4.986405805488382e-12

In [15]:
test = ['and you from england', 'order that these bodies', 
        'polake warres , and you', 'are heere arriued .',
        'these bodies high on a stage']
test.sort(key=lambda sentence: estimate_probability(sentence.split(), fd), reverse=True)

In [16]:
for i, sen in enumerate(test):
    print(f"{i+1}. \'{sen}\': {estimate_probability(sen.split(), fd)}")

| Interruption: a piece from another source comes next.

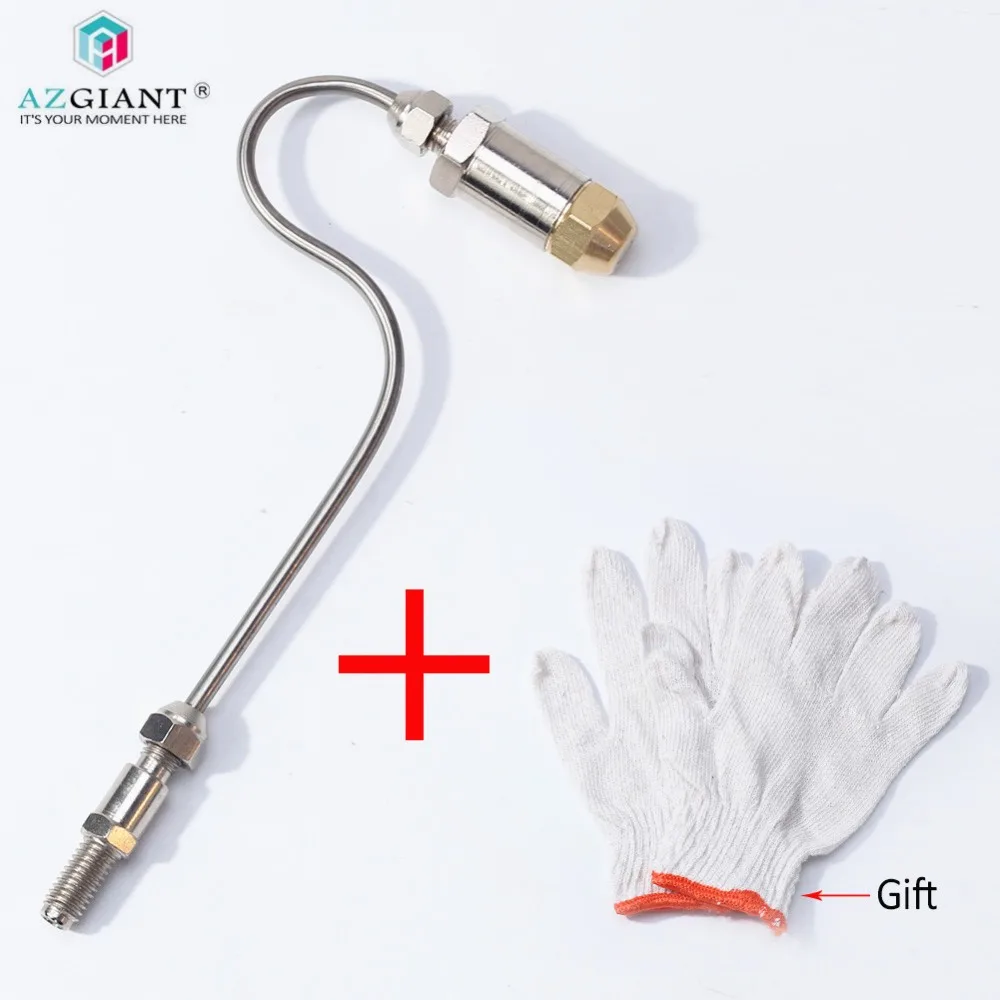 car Injector atomizing nozzle Throttle valve atomizer nozzle for non dismantle gasoline fuel injector cleaner
car Injector atomizing nozzle Throttle valve atomizer nozzle for non dismantle gasoline fuel injector cleaner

1. 'and you from england': 4.986405805488382e-12
2. 'order that these bodies': 1.9178483867263006e-14
3. 'are heere arriued .': 1.9178483867263006e-14
4. 'polake warres , and you': 3.1099134149168685e-15
5. 'these bodies high on a stage': 6.870586160465759e-23


## Generating Text

In [17]:
cfd = nltk.ConditionalFreqDist(bigrams)

In [18]:
cfd['horatio']

FreqDist({')': 1,
          ',': 17,
          '.': 5,
          ':': 2,
          '?': 3,
          'a': 1,
          'and': 3,
          'barn': 1,
          'ham': 1,
          'hor': 1,
          'hora': 1,
          'saies': 1,
          'tell': 1,
          'there': 1,
          'wait': 1})

In [19]:
cfd['tragedie'].max()

'of'

In [20]:
token = 'horatio'
generated_text = token

length = 15
for i in range(length):
    most_prob = cfd[token].max()
    generated_text += ' ' + most_prob
    token = most_prob

In [21]:
print(generated_text)

horatio , and the king . i haue you , and the king . i haue